Nun konnten die frisch gewählten Funktionäre an die Arbeit gehen, denn es gab viel zu tun. Unverzüglich begann man, Jugendliche zu werben. Bereits im Mai fand der erste Elterninformationsabend statt. Ebenso wurden in den Schulen in Döffingen und Dätzingen Instrumente vorgestellt, um jugendliche Interessenten zu gewinnen. Trotz harter und erfolgreicher Verhandlungen mit der Fa. Radio Barth beliefen sich die Kosten der Erstanschaffung von Instrumenten auf sage und schreibe 42000 DM.
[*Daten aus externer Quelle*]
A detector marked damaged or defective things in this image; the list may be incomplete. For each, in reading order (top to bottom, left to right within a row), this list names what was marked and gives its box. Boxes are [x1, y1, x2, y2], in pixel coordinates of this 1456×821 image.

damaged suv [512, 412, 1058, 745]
Gleichzeitig liefen die Vorbereitungen für das 4-tägige Gründungsfest auf Hochtouren. Dabei zahlte sich die Erfahrung und das Organisationstalent des ersten Vorstandes Kurt Brenner aus. Die Festlichkeiten wurden ein voller Erfolg. Ganz Grafenau war auf den Beinen. Alle Grafenauer Vereine und viele befreundete Musikvereine schlossen sich dem Festzug an, der vom Graf-Ulrich-Bau im Ortsteil Döffingen bis zur Festwiese in den Ortsteil Dätzingen führte, und von unzähligen Grafenauer Bürgern, die die Straßen säumten, bejubelt wurde. Zu dieser Zeit hatten die Musiker des Musikvereins Grafenau noch keine Uniformen. Eine solche Investition war aus finanziellen Gründen noch nicht möglich gewesen. Jeder Musiker trug ein gelbes Hemd mit aufgenähtem Emblem, welches er selbst bezahlte. Begonnen hatte das Gründungsfest schon am Freitagabend mit der Pop-Band „Black and White“. Am darauf folgenden Samstag umrahmte unser Patenverein, die Feuerwehr-Musikkapelle Dagersheim, musikalisch den Festabend. Der Festsonntag begann mit einem ökumenischen Gottesdienst. Nach dem Festzug spielten Gastkapellen zur Unterhaltung auf und schwungvoll endete der Abend dann mit dem Musikverein Magstadt. Den Festausklang am Montag gestaltete wiederum musikalisch und mit tollen Showeinlagen unser Patenverein.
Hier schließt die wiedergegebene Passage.